Goal of the exercise
Give back the data in full, with every line exact.

=== Task data ===

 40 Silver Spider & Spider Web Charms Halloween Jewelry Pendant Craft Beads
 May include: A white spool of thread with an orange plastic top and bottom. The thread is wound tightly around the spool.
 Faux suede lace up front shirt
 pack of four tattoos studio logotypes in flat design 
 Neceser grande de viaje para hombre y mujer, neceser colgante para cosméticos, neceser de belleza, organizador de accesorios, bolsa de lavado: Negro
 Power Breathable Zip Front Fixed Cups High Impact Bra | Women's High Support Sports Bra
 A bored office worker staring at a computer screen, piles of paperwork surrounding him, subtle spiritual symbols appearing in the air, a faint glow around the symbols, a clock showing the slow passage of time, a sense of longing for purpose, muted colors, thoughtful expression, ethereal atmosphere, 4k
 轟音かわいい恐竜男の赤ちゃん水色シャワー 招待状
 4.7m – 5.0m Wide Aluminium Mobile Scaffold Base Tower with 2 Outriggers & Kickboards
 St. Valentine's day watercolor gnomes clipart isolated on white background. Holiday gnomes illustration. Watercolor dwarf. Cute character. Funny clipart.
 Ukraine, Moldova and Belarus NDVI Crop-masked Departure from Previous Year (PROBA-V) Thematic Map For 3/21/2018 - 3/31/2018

===

Task answer
 40 Silver Spider & Spider Web Charms Halloween Jewelry Pendant Craft Beads
 May include: A white spool of thread with an orange plastic top and bottom. The thread is wound tightly around the spool.
 Faux suede lace up front shirt
 pack of four tattoos studio logotypes in flat design 
 Neceser grande de viaje para hombre y mujer, neceser colgante para cosméticos, neceser de belleza, organizador de accesorios, bolsa de lavado: Negro
 Power Breathable Zip Front Fixed Cups High Impact Bra | Women's High Support Sports Bra
 A bored office worker staring at a computer screen, piles of paperwork surrounding him, subtle spiritual symbols appearing in the air, a faint glow around the symbols, a clock showing the slow passage of time, a sense of longing for purpose, muted colors, thoughtful expression, ethereal atmosphere, 4k
 轟音かわいい恐竜男の赤ちゃん水色シャワー 招待状
 4.7m – 5.0m Wide Aluminium Mobile Scaffold Base Tower with 2 Outriggers & Kickboards
 St. Valentine's day watercolor gnomes clipart isolated on white background. Holiday gnomes illustration. Watercolor dwarf. Cute character. Funny clipart.
 Ukraine, Moldova and Belarus NDVI Crop-masked Departure from Previous Year (PROBA-V) Thematic Map For 3/21/2018 - 3/31/2018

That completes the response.